The New Guidelines will apply two months after the publication of its translation into the official EU languages on the ESMA website. During the two-month period national competent authorities, such as the Central Bank of Ireland, must notify ESMA whether they comply or intend to comply with the guidelines.
GLP Partners has launched an alternative emerging market fund whilst simultaneously closing another alternative EM fund reported Citywire Global this week. The Dublin-domiciled GLG Global Emerging Market Macro Fund officially launched 13th March and is to be run by GLG’s Macro and Relative Value (‘MARV’) team. A spokesperson was quoted as saying: “The fund has been specifically designed to reflect the investment style of the portfolio management team going forward, and differs from the existing GLG Alternative EM funds by having a broader remit, permitting the fund to allocate to a wider range of assets both from a geographical and asset class point of view.” The fund being shut down is the GLG EM Diversified Alternative fund.
Bank of America Merrill Lynch (BofAML) and Sandell Investment Services L.L.C. (Sandell) this week announced the launch of the Merrill Lynch Investment Solutions – Castlerigg Equity Event and Arbitrage UCITS Fund.
The sub-fund, which merges Sandell’s successful Castlerigg Merger Arbitrage UCITS fund onto the Merrill Lynch Investment Solutions (MLIS) alternative UCITS platform, provides institutional investors access to a variety of announced equity event-driven and arbitrage opportunities in developed markets. The portfolio’s overall objective is to generate consistent net returns that are less dependent on systematic influences than traditional investments.

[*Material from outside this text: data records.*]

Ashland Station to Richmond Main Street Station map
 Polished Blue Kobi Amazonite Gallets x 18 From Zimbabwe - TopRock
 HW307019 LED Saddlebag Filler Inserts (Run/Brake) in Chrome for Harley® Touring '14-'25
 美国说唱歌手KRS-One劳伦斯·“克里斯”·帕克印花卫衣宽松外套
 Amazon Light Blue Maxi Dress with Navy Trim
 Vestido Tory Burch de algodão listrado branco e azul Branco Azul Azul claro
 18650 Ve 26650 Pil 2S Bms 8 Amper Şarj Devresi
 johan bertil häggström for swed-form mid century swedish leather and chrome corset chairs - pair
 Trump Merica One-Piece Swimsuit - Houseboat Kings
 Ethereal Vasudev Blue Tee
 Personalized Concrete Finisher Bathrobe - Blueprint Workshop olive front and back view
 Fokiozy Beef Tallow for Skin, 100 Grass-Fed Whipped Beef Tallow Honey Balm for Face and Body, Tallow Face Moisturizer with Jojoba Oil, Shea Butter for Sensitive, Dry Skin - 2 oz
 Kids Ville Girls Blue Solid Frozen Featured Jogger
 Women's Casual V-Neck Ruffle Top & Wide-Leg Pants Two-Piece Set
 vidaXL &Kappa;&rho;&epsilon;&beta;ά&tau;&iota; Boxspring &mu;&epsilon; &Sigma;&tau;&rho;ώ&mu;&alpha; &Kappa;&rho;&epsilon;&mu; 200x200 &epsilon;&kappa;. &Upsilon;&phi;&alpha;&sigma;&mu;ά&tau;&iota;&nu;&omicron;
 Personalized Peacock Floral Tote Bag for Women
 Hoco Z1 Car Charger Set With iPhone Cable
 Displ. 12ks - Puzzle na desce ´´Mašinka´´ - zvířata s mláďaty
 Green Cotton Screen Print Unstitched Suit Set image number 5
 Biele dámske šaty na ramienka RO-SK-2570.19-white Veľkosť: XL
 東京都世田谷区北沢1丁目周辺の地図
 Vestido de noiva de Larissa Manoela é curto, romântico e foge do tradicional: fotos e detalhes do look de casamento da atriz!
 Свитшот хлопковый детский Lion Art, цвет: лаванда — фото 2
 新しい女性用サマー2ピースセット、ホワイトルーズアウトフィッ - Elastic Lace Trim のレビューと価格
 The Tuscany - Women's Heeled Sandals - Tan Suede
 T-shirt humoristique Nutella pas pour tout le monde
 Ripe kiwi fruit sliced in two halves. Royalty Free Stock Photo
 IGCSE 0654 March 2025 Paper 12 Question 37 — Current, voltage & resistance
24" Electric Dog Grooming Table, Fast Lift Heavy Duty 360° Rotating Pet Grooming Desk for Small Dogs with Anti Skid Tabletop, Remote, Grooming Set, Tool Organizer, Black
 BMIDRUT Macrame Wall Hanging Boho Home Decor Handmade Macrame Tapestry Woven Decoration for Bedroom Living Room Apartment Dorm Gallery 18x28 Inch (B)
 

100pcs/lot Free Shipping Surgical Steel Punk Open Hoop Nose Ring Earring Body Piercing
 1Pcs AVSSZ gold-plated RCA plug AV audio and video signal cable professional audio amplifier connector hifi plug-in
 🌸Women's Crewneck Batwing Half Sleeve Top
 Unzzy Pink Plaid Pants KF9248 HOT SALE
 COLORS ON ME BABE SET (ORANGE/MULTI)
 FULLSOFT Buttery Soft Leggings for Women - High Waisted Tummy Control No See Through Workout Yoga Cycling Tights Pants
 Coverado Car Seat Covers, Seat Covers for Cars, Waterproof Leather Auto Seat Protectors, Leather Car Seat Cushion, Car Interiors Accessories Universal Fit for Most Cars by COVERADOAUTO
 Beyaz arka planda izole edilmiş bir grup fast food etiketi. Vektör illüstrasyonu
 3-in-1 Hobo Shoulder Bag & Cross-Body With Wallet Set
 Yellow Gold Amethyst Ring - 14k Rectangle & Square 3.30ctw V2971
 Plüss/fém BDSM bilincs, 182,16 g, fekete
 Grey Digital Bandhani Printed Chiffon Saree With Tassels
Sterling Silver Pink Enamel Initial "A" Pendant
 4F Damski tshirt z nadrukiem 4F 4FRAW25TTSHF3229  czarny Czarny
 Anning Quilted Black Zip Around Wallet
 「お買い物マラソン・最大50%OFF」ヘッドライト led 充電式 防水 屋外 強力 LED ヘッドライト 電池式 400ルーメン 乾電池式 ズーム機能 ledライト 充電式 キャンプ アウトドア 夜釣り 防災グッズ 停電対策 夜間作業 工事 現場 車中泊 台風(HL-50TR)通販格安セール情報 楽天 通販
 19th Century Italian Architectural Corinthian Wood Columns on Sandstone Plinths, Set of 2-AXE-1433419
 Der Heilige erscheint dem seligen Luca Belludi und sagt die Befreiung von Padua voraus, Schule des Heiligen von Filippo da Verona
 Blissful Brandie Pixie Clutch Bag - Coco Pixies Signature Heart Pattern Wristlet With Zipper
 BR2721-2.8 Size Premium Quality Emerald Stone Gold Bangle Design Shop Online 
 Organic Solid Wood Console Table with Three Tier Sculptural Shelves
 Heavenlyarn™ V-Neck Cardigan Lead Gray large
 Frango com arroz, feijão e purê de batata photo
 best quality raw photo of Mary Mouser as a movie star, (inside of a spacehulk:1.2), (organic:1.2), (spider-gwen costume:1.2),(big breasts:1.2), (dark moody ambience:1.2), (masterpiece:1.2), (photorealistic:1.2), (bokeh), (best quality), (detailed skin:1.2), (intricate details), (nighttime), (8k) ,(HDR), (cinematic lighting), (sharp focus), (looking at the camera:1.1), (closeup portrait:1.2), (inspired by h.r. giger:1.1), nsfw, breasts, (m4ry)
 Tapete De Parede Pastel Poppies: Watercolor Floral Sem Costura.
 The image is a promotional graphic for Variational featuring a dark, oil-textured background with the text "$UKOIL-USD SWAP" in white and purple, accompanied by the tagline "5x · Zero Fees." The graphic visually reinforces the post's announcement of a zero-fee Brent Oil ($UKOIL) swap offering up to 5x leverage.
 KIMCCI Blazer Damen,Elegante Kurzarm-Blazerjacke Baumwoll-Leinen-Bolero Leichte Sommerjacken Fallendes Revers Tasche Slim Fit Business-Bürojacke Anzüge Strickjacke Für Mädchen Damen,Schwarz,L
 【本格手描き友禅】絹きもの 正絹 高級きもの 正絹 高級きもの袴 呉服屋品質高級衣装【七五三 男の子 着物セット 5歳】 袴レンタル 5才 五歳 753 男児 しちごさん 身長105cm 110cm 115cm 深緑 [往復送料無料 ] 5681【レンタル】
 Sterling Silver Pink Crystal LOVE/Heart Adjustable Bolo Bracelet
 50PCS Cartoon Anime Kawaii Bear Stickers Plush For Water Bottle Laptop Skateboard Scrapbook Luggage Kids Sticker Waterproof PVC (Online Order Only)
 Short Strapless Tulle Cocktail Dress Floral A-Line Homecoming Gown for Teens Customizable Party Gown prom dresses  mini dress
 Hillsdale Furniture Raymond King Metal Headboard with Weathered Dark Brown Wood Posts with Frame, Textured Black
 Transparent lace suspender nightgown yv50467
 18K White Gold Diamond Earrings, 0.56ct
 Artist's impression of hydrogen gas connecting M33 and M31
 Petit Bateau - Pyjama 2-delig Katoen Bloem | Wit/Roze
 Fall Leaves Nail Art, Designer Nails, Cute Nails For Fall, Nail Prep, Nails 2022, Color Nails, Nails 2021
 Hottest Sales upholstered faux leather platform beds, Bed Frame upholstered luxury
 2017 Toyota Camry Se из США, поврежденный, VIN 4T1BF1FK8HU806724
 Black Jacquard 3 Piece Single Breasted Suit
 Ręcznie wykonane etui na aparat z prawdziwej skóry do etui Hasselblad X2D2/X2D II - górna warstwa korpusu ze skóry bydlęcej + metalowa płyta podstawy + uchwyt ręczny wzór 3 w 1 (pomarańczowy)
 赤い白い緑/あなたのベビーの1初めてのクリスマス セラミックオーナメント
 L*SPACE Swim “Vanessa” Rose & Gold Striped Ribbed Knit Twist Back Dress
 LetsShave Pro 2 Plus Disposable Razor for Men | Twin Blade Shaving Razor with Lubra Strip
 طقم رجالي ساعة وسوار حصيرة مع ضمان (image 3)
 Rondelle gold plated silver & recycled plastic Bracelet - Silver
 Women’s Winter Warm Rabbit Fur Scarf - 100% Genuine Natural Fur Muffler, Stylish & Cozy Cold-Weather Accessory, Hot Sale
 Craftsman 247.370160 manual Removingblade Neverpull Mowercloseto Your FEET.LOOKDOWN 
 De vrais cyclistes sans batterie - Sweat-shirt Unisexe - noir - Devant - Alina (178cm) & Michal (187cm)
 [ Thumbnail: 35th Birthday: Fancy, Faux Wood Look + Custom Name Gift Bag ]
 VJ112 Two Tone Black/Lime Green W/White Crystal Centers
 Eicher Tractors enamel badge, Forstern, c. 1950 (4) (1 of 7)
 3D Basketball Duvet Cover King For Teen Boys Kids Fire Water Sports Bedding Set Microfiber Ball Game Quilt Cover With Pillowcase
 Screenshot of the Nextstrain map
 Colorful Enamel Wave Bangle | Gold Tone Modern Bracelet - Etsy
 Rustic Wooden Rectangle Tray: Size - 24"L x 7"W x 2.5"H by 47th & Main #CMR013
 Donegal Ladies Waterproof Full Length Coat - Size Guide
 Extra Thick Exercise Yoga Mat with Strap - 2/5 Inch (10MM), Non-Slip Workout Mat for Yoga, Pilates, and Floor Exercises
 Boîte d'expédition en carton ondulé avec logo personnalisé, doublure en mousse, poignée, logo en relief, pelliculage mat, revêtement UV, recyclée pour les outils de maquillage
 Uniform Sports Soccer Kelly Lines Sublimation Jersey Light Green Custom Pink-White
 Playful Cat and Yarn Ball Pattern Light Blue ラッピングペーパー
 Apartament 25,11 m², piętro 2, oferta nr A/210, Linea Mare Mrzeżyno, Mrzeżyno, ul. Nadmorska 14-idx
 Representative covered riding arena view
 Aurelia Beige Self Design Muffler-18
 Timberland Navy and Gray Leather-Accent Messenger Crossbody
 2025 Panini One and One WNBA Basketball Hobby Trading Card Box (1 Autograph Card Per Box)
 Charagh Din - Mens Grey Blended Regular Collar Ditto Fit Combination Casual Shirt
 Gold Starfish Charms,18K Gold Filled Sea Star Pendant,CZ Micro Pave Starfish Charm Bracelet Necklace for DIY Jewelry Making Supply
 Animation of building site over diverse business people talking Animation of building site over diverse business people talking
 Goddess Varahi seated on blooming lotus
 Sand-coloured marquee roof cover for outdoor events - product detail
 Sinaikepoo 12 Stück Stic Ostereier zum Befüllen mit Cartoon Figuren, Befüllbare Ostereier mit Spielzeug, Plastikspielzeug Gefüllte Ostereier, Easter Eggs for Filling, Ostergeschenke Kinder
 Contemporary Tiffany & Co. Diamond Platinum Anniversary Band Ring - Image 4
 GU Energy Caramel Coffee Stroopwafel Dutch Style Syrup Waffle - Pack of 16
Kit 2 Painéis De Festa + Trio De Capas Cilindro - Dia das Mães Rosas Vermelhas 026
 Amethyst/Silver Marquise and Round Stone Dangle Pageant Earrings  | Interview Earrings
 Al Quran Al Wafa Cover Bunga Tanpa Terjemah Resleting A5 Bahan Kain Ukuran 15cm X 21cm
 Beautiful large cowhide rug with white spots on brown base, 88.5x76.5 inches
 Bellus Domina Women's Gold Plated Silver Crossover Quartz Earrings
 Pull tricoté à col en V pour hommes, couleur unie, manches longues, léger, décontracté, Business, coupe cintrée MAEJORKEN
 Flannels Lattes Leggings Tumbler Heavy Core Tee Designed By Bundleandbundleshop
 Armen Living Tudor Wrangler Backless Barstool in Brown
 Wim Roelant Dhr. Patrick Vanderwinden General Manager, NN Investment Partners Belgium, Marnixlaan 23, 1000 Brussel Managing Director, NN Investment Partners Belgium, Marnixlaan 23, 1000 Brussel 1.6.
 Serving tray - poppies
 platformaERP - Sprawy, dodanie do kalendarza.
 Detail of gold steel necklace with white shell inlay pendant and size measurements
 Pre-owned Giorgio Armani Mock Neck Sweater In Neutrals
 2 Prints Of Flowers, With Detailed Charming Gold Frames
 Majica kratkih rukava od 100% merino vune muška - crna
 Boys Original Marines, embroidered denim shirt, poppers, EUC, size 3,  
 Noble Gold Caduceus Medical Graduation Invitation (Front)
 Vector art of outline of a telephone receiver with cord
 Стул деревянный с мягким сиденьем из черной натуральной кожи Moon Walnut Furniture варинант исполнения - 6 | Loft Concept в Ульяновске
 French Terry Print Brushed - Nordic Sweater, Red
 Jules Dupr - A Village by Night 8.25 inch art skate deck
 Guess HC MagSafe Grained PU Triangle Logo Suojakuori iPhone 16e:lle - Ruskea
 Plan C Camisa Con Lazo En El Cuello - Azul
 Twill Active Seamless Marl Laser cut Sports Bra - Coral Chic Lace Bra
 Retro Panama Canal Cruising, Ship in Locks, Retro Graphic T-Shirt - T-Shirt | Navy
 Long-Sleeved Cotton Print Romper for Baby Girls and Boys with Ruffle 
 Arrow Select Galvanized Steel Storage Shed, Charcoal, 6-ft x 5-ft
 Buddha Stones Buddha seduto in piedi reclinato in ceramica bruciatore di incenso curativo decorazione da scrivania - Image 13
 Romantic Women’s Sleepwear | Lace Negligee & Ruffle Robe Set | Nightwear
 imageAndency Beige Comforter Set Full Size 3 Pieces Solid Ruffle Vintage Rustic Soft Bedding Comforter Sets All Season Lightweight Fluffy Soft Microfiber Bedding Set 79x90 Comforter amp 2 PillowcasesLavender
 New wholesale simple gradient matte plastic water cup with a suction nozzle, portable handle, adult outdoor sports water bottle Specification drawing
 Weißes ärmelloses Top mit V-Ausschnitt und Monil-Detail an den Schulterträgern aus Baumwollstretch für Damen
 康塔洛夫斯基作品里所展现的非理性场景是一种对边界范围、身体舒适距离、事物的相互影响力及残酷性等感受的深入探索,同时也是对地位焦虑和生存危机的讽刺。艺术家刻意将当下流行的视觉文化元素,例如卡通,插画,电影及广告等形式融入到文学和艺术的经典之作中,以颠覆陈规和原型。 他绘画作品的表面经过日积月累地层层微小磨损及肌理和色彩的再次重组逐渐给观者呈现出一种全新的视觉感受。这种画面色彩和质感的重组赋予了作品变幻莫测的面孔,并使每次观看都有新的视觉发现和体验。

The Sandell fund was launched in October 2010 and joins the MLIS platform with approximately USD200mn in assets under management. Sandell will retain its role as investment manager of the sub-fund, offering access to its equity event and merger arbitrage strategies.
Sandell has a 16-year track record of managing event-driven strategies across equity special situations and credit opportunities. It combines a bottom-up approach with top-down analysis to create a portfolio with low downside volatility.
Philippe Lopategui, head of the Alternative Funds Platform and Global Financing Solutions at Bank of America Merrill Lynch, commented: “Tom Sandell has managed event driven situations across the world since the late 1980’s. We look forward to working in partnership with him and his team to provide investors access to a strategy that aims to generate consistent returns which are largely independent of market movements. This latest addition to our award-winning MLIS alternative UCITS platform provides a comprehensive investment solution with a singular focus on global, hard catalyst corporate events,” said
Tom Sandell, chief executive officer and portfolio manager at Sandell Asset Management, said: “We are thrilled to complete the merger of our Castlerigg Merger Arbitrage UCITS fund with the MLIS alternative UCITS platform. Philippe and his team have impressed us from the very beginning by pioneering their institutional quality infrastructure back in 2007 while emphasizing state-of-the-art technology and risk management at an extremely competitive cost structure. Our outlook for hard catalyst corporate events across the developed markets universe is robust, and we believe there is an abundant set of opportunities to choose from to meet our targeted return objectives.”
The sub-fund is a regulated, Luxembourg onshore vehicle, available for sale in Austria, Belgium, Denmark, Finland, France, Germany, Ireland, Italy, Luxembourg, Norway, Portugal, Netherlands, Spain, Sweden and the United Kingdom.